> _Exercise instructions_:
Lines from the one with "Андрей, 37, Ярославле — анкета №237716" up to and including the one with "Redemption Of The" are to be copied exactly from the records below, without their pictures.
═════ Source data
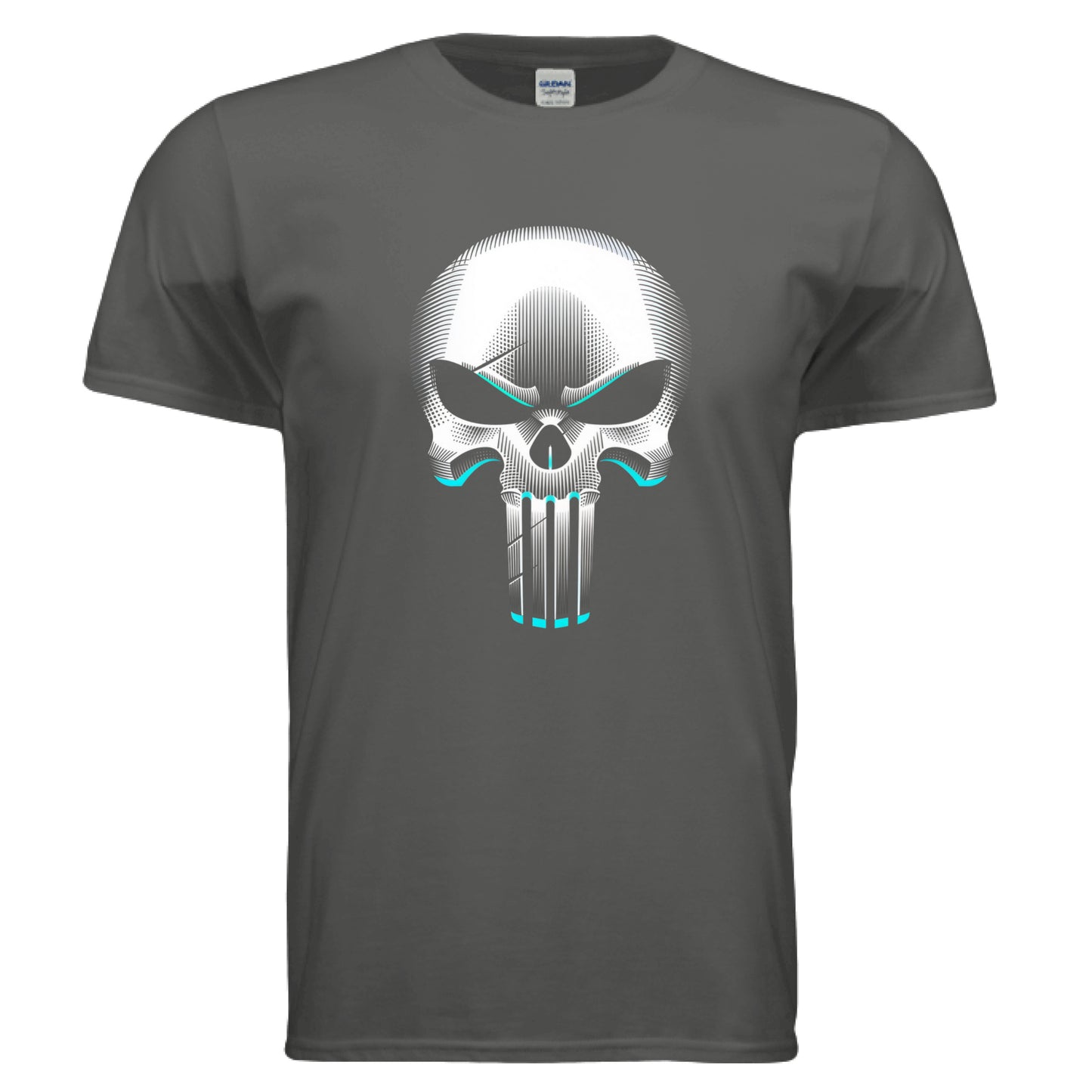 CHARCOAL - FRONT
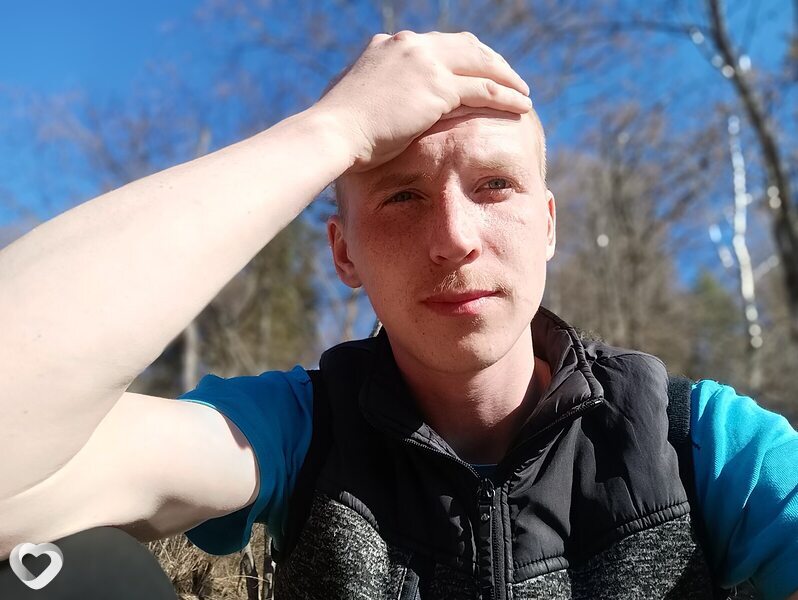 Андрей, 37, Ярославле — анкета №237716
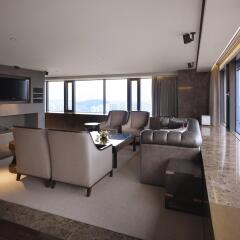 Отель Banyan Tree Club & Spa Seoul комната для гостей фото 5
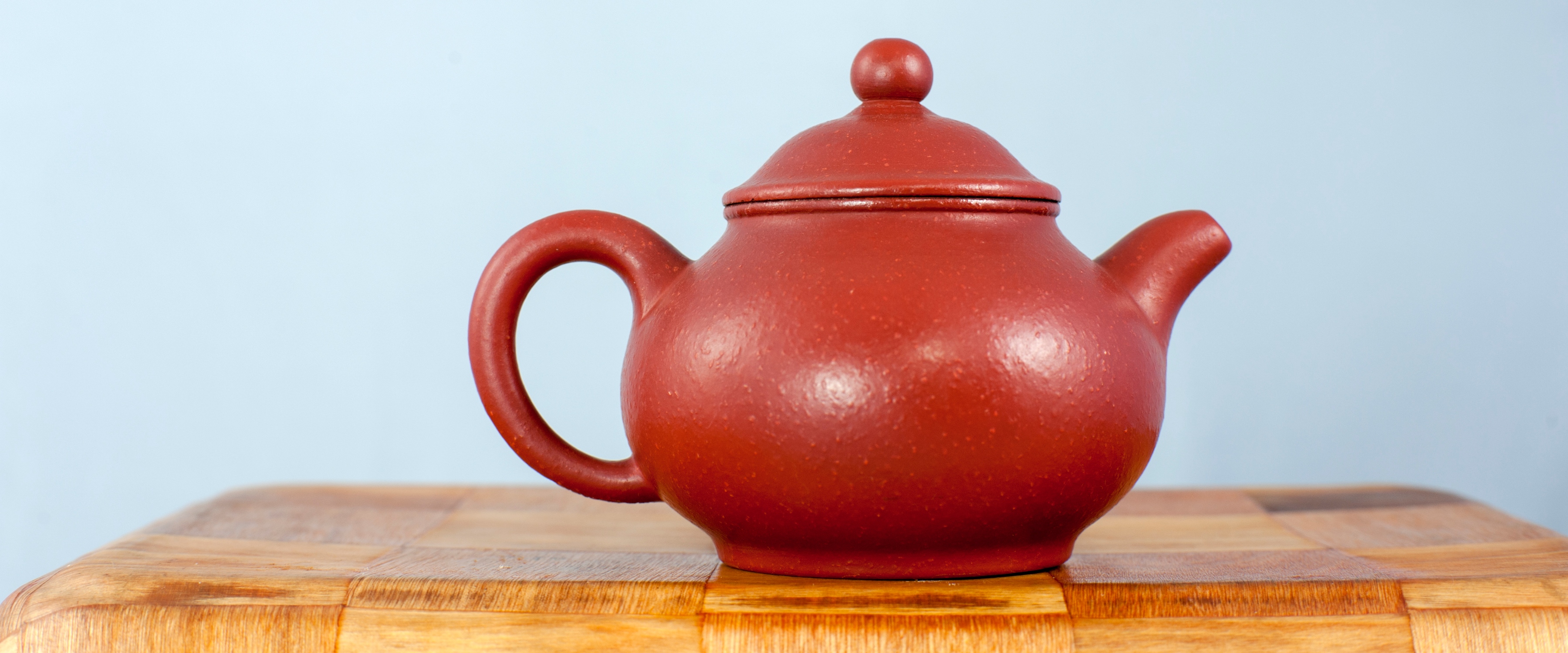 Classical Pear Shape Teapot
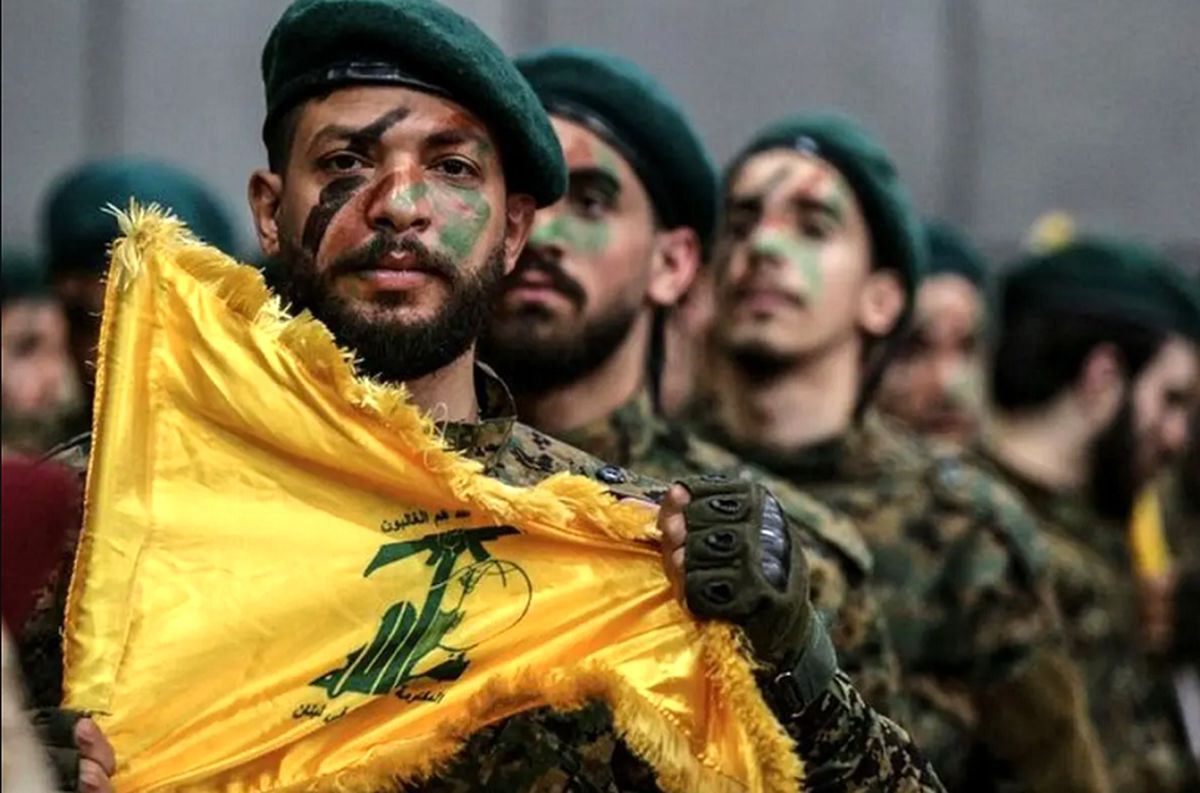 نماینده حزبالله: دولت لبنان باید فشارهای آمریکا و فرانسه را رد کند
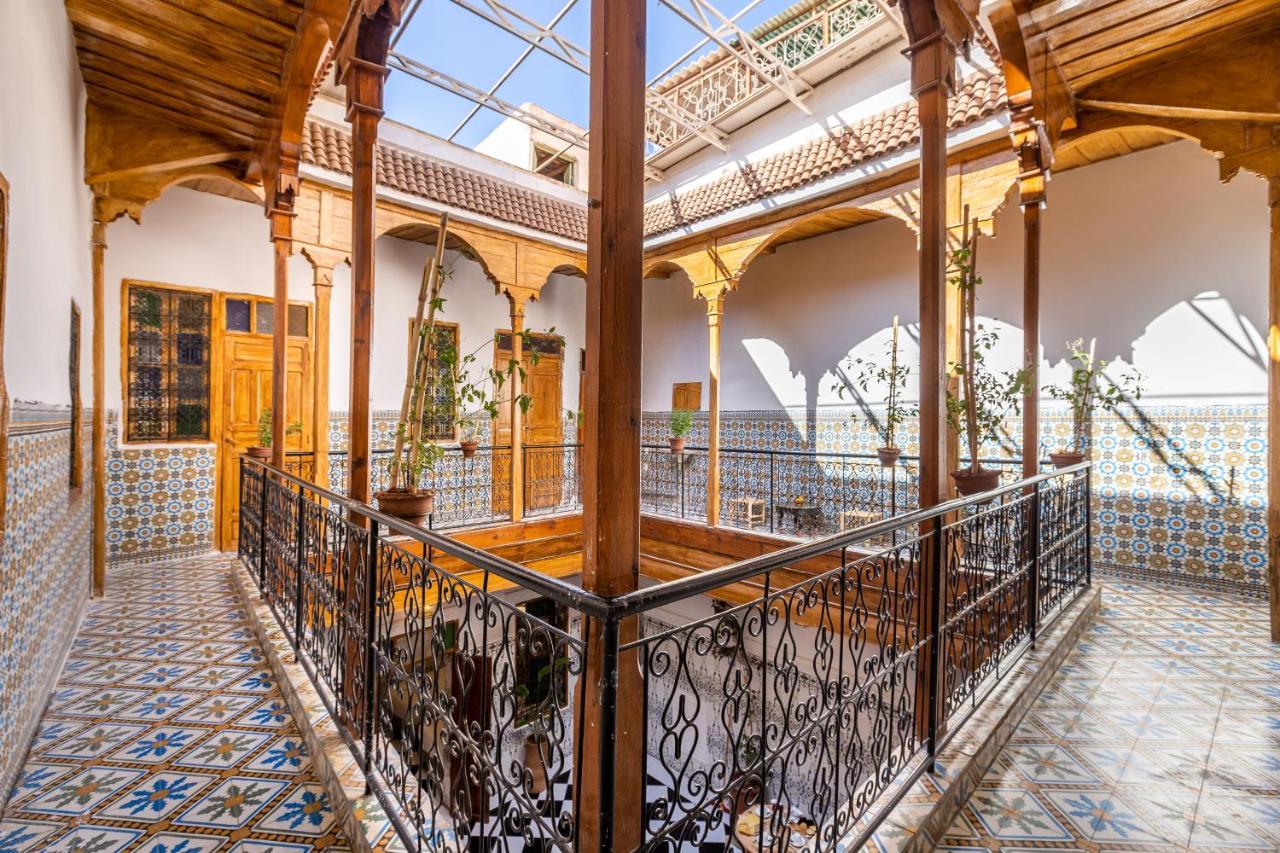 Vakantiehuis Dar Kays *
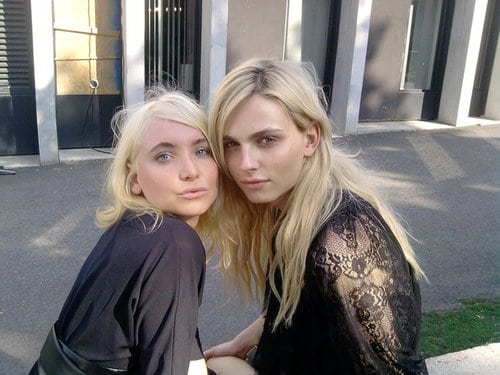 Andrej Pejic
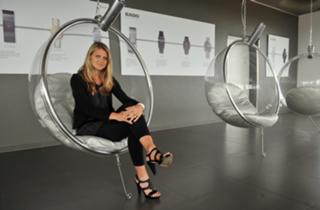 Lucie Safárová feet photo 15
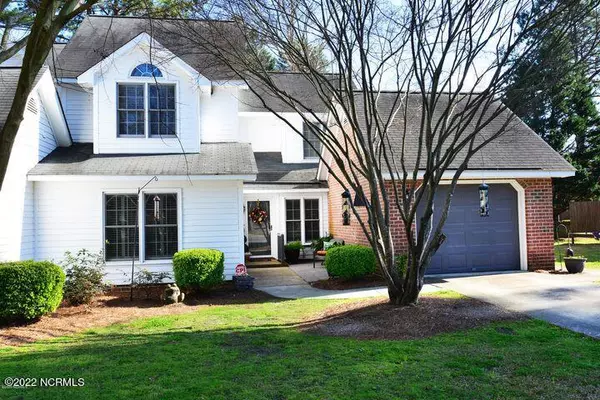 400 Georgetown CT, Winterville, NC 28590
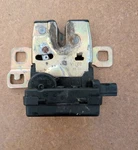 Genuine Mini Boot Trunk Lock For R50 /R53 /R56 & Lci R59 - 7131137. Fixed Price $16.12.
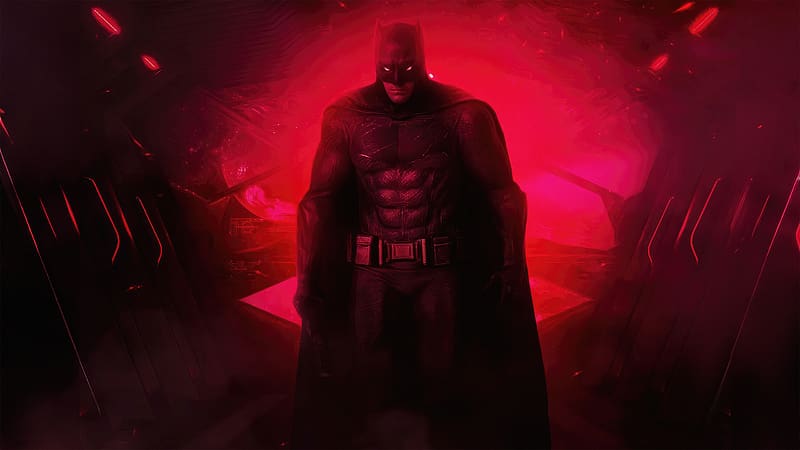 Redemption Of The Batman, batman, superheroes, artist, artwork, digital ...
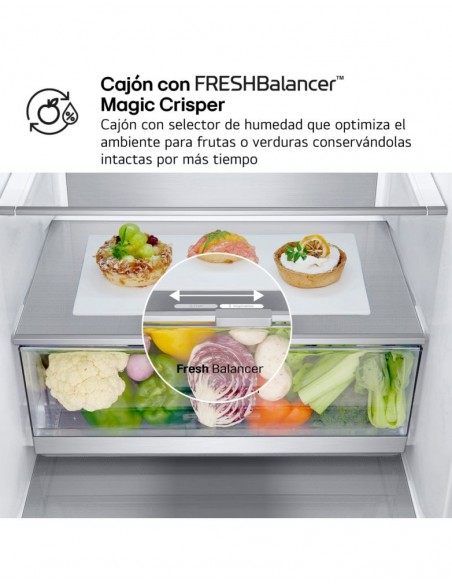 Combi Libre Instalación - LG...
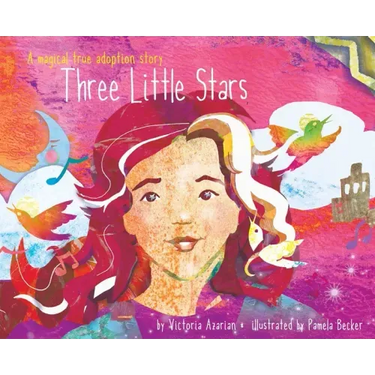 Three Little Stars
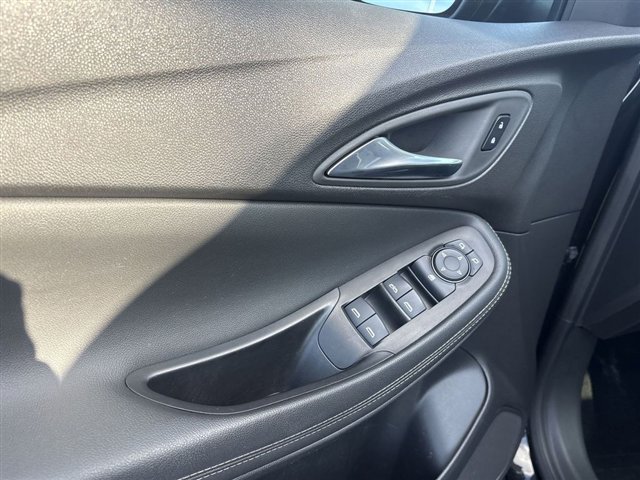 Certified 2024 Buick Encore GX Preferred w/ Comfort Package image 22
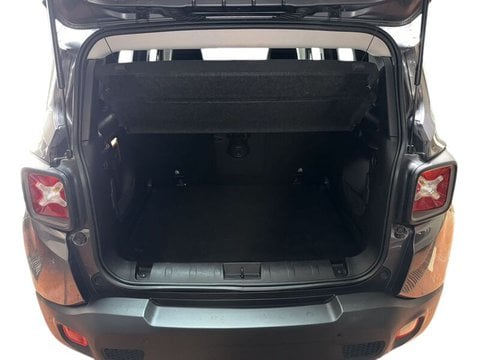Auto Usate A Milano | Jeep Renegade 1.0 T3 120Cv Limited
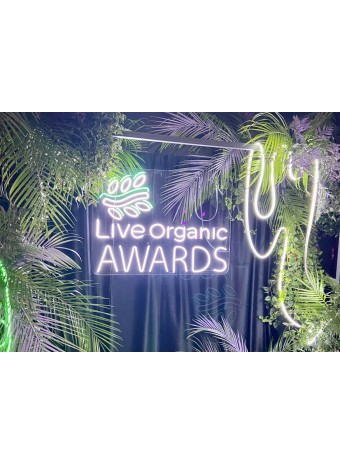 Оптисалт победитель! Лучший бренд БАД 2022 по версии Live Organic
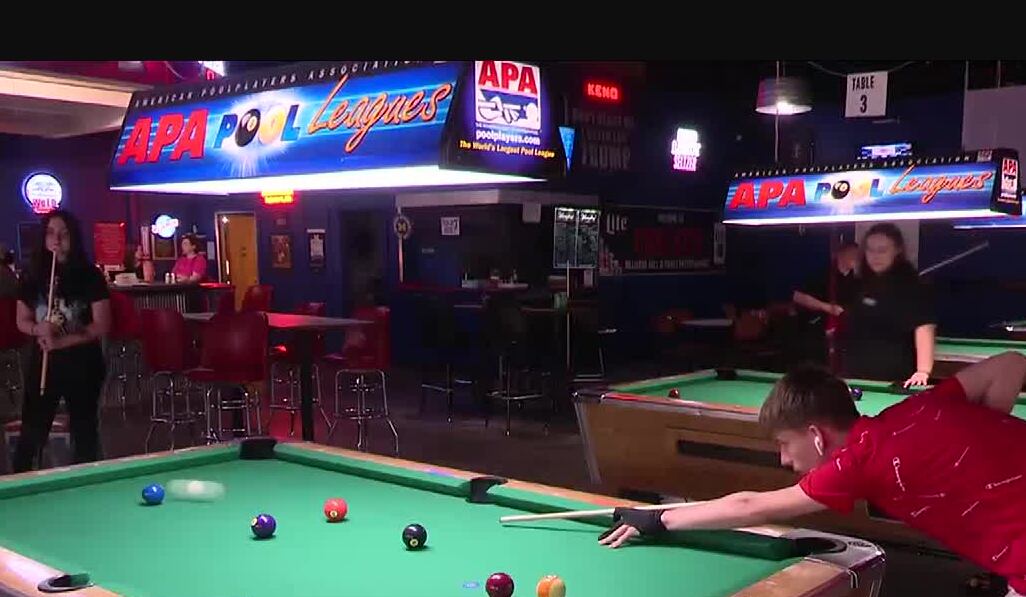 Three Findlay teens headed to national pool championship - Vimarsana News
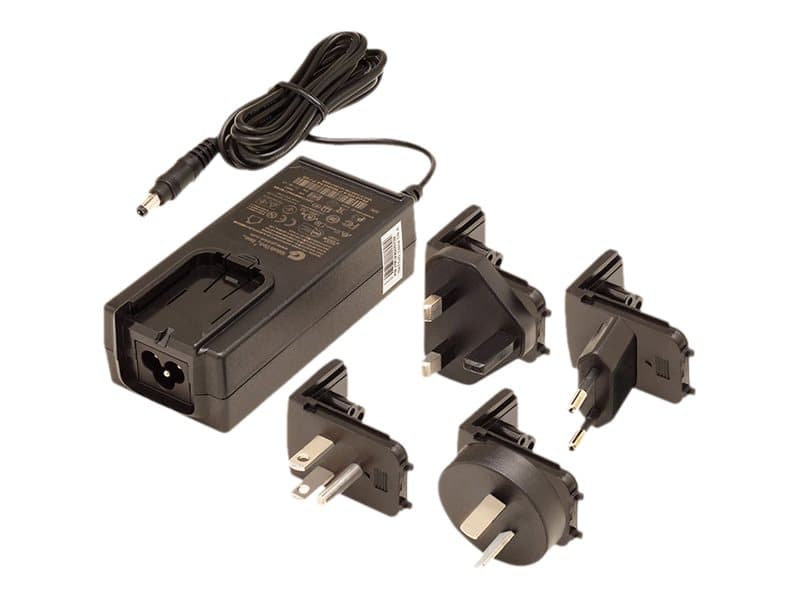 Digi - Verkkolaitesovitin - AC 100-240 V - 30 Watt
══════════
> _Exercise solution_:
 Андрей, 37, Ярославле — анкета №237716
 Отель Banyan Tree Club & Spa Seoul комната для гостей фото 5
 Classical Pear Shape Teapot
 نماینده حزبالله: دولت لبنان باید فشارهای آمریکا و فرانسه را رد کند
 Vakantiehuis Dar Kays *
 Andrej Pejic
 Lucie Safárová feet photo 15
 400 Georgetown CT, Winterville, NC 28590
 Genuine Mini Boot Trunk Lock For R50 /R53 /R56 & Lci R59 - 7131137. Fixed Price $16.12.
 Redemption Of The Batman, batman, superheroes, artist, artwork, digital ...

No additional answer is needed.